Assign roles and leverage flexible member permissions. When feedback lands, reviewers can attach inline comments, attach files, or reference courses for terminology. This reduces manual back-and-forth and keeps the throughput steady even as teams grow, bringing consistency to each project.
QA and Collaboration
In the quality loop, align automated checks with human judgment to guard against context loss. Use forecasting to plan workload, ensuring secured resources for peak times and long-term coverage. A single source of truth for terms and style guides improves compatibility across platforms and languages, supporting teams in achieving higher accuracy with less rework.
Document decisions in a shared strategy doc and export a summarized report for leadership. The process scales with opdg guidelines and variable project scopes, enabling teams to manage consumption of translation assets and maintain a predictable cadence. Teams can train staff with targeted courses and hands-on practice to uplift overall proficiency.

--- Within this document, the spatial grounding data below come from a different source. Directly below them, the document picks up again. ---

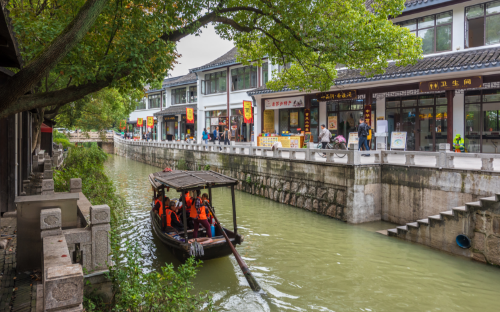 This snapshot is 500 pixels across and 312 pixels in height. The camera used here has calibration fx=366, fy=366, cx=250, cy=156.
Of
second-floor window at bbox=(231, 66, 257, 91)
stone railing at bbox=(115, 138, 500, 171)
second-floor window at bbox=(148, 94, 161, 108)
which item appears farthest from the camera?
second-floor window at bbox=(148, 94, 161, 108)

Observability and Troubleshooting: Metrics, Logs, and Debugging API Calls
Start by implementing a unified observability stack across the translator service and downstream dependencies. Lets teams measure end-to-end latency, error rate, and throughput with unprecedented precision. Simply instrument every API call with metrics, traces, and structured logs, and assign a stable correlation_id across the rest of the call chain to enable hands-on debugging, with seamless data flow. Add additional context fields to each log line to improve deeper analysis and provide a clear role for specialists who study incidents.
Metrics Strategy
Define SLIs for the translation pipeline: latency percentiles (p50, p95, p99), error rate, and requests per minute. Target p95 latency under 180 ms for 95% of requests, and keep error rate below 0.5% over a 5-minute window. Track throughput, queue depth, and resource usage (CPU, memory) at the API and translator model layer. Use a standard data model so specialists can compare newly deployed services and merge data across components. Build dashboards that show core activity: incoming requests, translation duration, and downstream call times. Tag metrics with environment, region, service, and version, so you can expanding coverage across newly deployed components without losing alignment. The magic here lies in consistent naming and the ability to merge data across the rest of the stack, enabling deeper, actionable insights.

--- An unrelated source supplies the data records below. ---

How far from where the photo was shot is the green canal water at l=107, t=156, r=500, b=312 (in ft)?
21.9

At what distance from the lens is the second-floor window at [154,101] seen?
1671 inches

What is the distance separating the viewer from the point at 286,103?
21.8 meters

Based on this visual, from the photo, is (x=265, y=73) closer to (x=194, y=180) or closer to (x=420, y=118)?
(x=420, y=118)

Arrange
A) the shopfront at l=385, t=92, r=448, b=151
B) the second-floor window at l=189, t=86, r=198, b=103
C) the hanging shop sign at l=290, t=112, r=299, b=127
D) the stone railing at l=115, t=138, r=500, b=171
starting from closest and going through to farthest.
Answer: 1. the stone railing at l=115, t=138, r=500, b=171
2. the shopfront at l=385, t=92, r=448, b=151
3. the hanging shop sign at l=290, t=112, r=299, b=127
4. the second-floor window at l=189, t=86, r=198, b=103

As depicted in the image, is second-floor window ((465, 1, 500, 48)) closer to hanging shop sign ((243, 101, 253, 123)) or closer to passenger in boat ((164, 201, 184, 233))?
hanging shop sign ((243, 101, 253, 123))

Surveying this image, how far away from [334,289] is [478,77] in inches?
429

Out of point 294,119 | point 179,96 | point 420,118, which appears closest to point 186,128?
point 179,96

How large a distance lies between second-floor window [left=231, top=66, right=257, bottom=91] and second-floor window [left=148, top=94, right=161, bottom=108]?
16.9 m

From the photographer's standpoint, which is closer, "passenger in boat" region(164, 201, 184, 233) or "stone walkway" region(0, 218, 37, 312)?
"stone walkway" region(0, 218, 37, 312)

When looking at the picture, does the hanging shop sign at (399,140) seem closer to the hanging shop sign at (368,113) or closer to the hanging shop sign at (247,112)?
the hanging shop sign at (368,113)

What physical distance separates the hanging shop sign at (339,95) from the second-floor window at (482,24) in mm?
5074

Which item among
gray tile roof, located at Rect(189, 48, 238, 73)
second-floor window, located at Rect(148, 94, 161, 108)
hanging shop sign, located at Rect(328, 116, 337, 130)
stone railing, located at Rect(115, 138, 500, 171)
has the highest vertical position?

Establish a stable thresholding process for alerts. For example, raise an alert when p95 latency exceeds 200 ms for three consecutive minutes or when error_rate spikes above 1% in a given window. Use an early-warning signal to trigger a quick course of investigation rather than waiting for a crisis. Build a small set of expressions to surface outliers quickly and share the approach with the translator team so they can act as a coordinated group of specialists.
Logs and Debugging API Calls
Instrument logs with structure: timestamp, level, trace_id, span_id, request_id, endpoint, model_version, input_language, target_language, status_code, duration_ms, and error_message. Use correlation identifiers to merge logs from translator, model, auth, and billing services so activity can be traced end-to-end. Keep production logs concise, and enable debug-level logs only during investigations for a limited rest period, then revert to normal. Capture variables like user_id, locale, and feature flags for context, and search logs with clear expressions such as "endpoint=/translate and status_code>=500" to quickly locate issues.
Adopt a hands-on approach to debugging: reproduce the problem in a staging or rest-safe environment, compare earlier traces, and identify which component changed. When you announce an incident, assign clear ownership and publish a short runbook describing steps to resolve. Use a merge of logs and traces to identify root causes, and document the resulting adjustments in a shared course or study material so specialists across the team can respond faster in the future.